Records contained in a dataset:
--- START ---

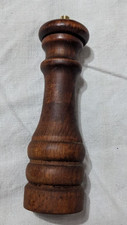 Macina Sale E Pepe In Legno Classico 18 cm Macinino Mulino Agitatore VINTAGE!!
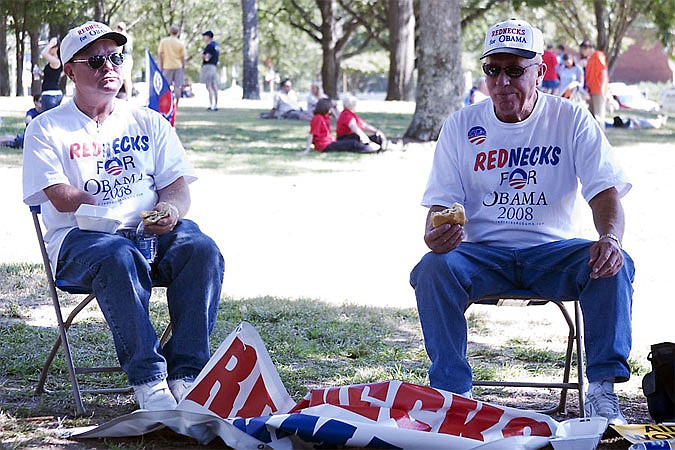 Tony Biessman, 74, co-founded Rednecks for Obama.
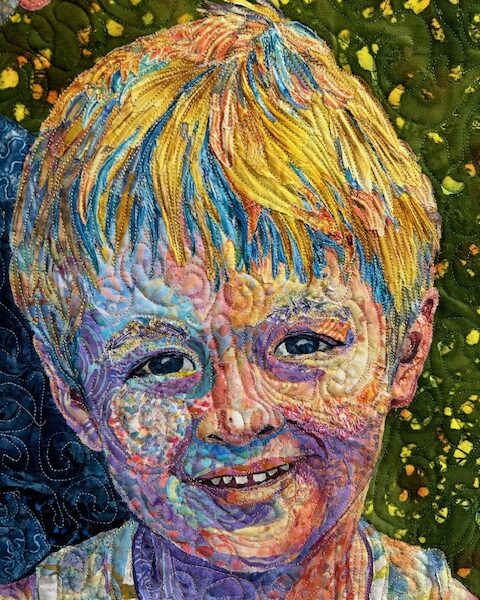 Susan Carlson Fabric Collage Finish Line #121: Portraits Susan Carlson Fabric Collage Finish Line #121: Portraits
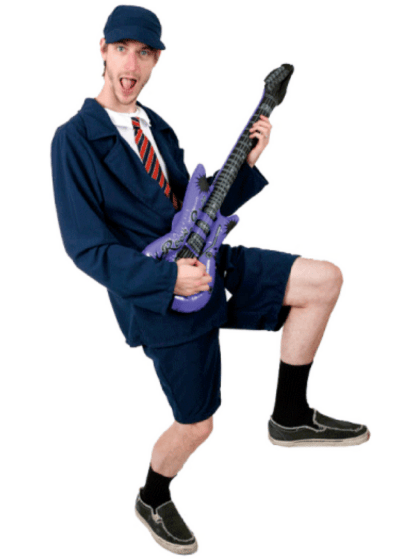 Schoolboy rocker costume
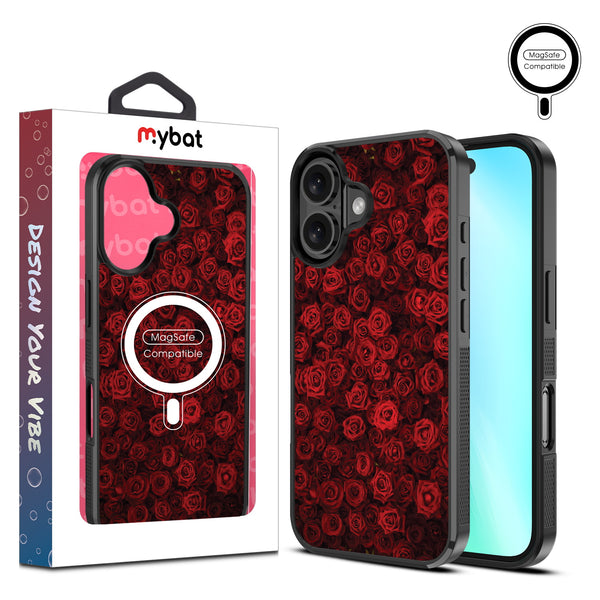 MyBat Design Lab Series MagSafe Case for Apple iPhone 16 Plus - Red Roses - MIP16MCSLESMSM343-1.jpg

--- END ---

DESCRIPTION OF THE TASK
Could you copy the data above exactly, leaving the pictures out?

TASK RESULT
 Macina Sale E Pepe In Legno Classico 18 cm Macinino Mulino Agitatore VINTAGE!!
 Tony Biessman, 74, co-founded Rednecks for Obama.
 Susan Carlson Fabric Collage Finish Line #121: Portraits Susan Carlson Fabric Collage Finish Line #121: Portraits
 Schoolboy rocker costume
 MyBat Design Lab Series MagSafe Case for Apple iPhone 16 Plus - Red Roses - MIP16MCSLESMSM343-1.jpg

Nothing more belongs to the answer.